I think I can pick my own investment funds
Perhaps you can. But don’t be tempted to pick a fund just because it has decent past performance. Turn back the clock three years and imagine investing using past investment performance as your guide. If you picked yesterday’s winners, in three years you would find that only 26% of equity funds and 32% of fixed interest funds continued to outperform their benchmarks. Past performance should be only one factor you should consider.
I don’t want to pay and adviser
On average, people who receive financial advice, are £40,000 better off at retirement than people who do not receive advice. Saving on adviser fees is a false economy and we are confident we can add significant value. Amongst other things, we can build you a portfolio of leading funds with lower than average fund charges.
I understand risk
Risk is an increasingly complex area. It is unrealistic to expect a layman to have any understanding of what is ‘under the bonnet’ of a fund. Remember Neil Woodford? It is important to know whether a fund is investing in complex assets that can be difficult to sell when things go wrong
I understand tax
Using your ISA allowance is a relatively straightforward decision. But after that, what type of investment is most suited to you, both now and in the future. But do you know the tax difference between a bond and an OEIC? When is a pension scheme the best option? And are there any Inheritance Tax implications?
I understand how changes in legislation affect my finances
This is a minefield. The laws that impact the financial services industry are constantly changing. Financial Advisers encourage their clients to take advantage of tax incentives offered by the government and avoid the expensive pitfalls of getting it wrong.
Why would Intelligent Financial Advice do a better job than I could?
How do you pick investment funds?
We invest heavily in research technology. There are many thousands of investment funds and we use the software to filter out funds that are poor performers or carry too much risk. Our investment process is forward looking. We try to identify the fund managers that are best positioned to take advantage of the big global trends.’
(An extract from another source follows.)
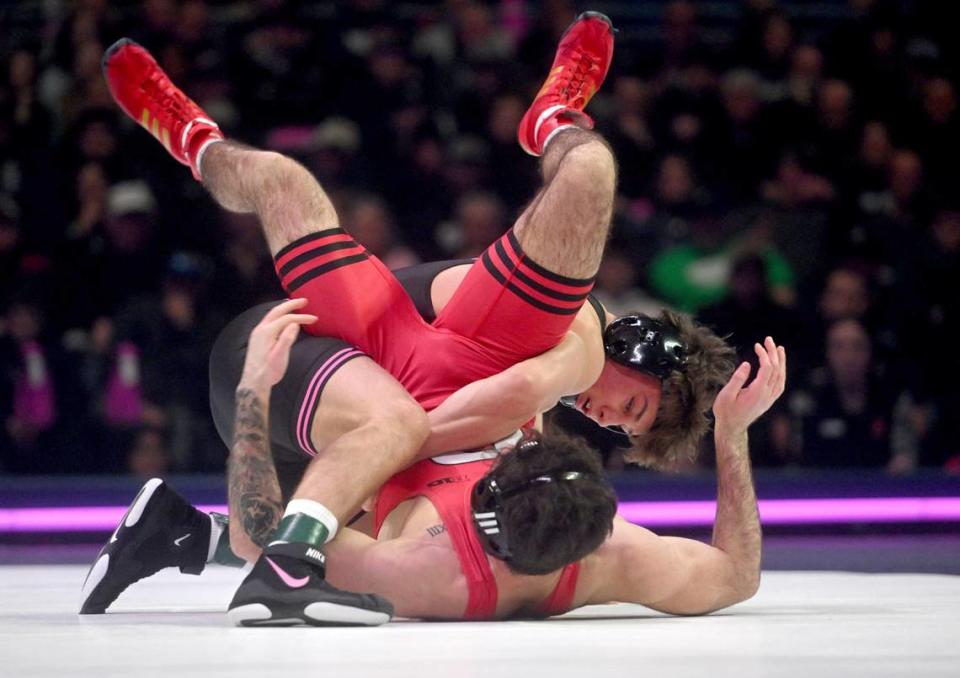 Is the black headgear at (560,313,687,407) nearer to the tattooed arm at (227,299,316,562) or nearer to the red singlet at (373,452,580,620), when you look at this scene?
the red singlet at (373,452,580,620)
What are your adviser charges?
One of Warren Buffett’s most famous quotes is – ‘price is what you pay; value is what you get’ – More than anything, our fees are ‘fair’ and we are confident we will add value through a combination of excellent fund research and technical expertise.
What happens if I want to become a client of Intelligent Financial Advice?
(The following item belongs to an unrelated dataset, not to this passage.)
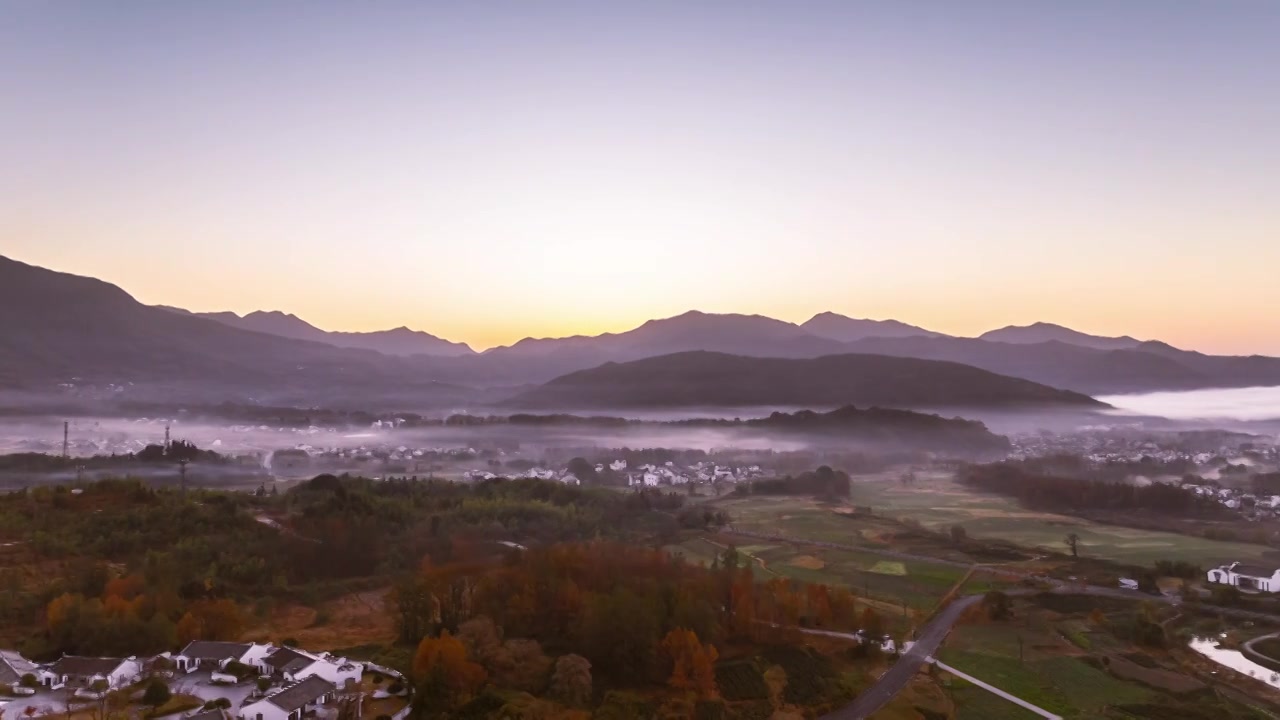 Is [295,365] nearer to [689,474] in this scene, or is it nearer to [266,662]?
[689,474]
Step 1 – Free initial appraisal
We start by listening to what you want to achieve. On the surface this might appear a relatively straightforward exercise. For example, you might tell us that you want to plan for your retirement. However, we also need to understand what factors will influence how we help you achieve that objective including your attitude to investment risk, your tax rate and a range or other variables. Every client’s circumstances are slightly different and every plan has to be tailor made.
Step 2 – Detailed initial report
Once we’ve understood exactly what you are trying to achieve, we produce a detailed report for you. In most cases we do not charge for this initial report and you are free to consider the recommendation and either walk away with no obligation, or instruct us to proceed and act on your behalf. The report will confirm all fees.
Step 3 – Monitor and Review
We often say to clients that once we’ve set up your investment or pension, the real work begins. The initial advice is simply part of a long term plan and it is important that your plan is regularly reviewed to make sure you remain on target to achieve your objectives and, where necessary, adapt it to your changing circumstances. In some instances we may recommend an additional fee based lifetime cash flow analysis. This is a detailed report that works out what is likely to happen to your money throughout your life taking into account anticipated spending events (new cars, children going to university etc) and then stress testing it to reduce the risk of you ever running out of money.